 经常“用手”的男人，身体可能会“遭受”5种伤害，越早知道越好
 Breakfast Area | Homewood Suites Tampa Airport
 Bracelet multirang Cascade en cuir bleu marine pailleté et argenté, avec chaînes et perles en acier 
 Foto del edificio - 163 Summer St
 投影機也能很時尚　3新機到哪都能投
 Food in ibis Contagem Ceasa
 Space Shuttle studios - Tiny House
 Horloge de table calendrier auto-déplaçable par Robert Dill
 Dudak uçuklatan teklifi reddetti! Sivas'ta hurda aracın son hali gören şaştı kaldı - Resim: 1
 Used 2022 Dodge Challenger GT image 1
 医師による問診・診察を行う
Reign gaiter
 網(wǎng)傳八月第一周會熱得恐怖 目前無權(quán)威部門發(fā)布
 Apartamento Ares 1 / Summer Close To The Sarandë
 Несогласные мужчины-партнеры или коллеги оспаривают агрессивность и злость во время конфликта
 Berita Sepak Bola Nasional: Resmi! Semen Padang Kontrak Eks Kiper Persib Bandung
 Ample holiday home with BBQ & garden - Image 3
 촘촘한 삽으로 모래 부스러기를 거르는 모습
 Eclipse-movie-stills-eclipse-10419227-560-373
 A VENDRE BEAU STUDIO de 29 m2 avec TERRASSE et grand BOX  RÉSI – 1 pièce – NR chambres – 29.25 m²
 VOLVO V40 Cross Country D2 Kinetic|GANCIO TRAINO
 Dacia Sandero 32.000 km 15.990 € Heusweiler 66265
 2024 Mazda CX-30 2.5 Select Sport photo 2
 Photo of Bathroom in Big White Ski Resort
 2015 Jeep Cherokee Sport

####################

**Your assignment**
From the line containing "A VENDRE BEAU" through the last line of the records above, reproduce every line exactly.

**Exercise answer**
 A VENDRE BEAU STUDIO de 29 m2 avec TERRASSE et grand BOX  RÉSI – 1 pièce – NR chambres – 29.25 m²
 VOLVO V40 Cross Country D2 Kinetic|GANCIO TRAINO
 Dacia Sandero 32.000 km 15.990 € Heusweiler 66265
 2024 Mazda CX-30 2.5 Select Sport photo 2
 Photo of Bathroom in Big White Ski Resort
 2015 Jeep Cherokee Sport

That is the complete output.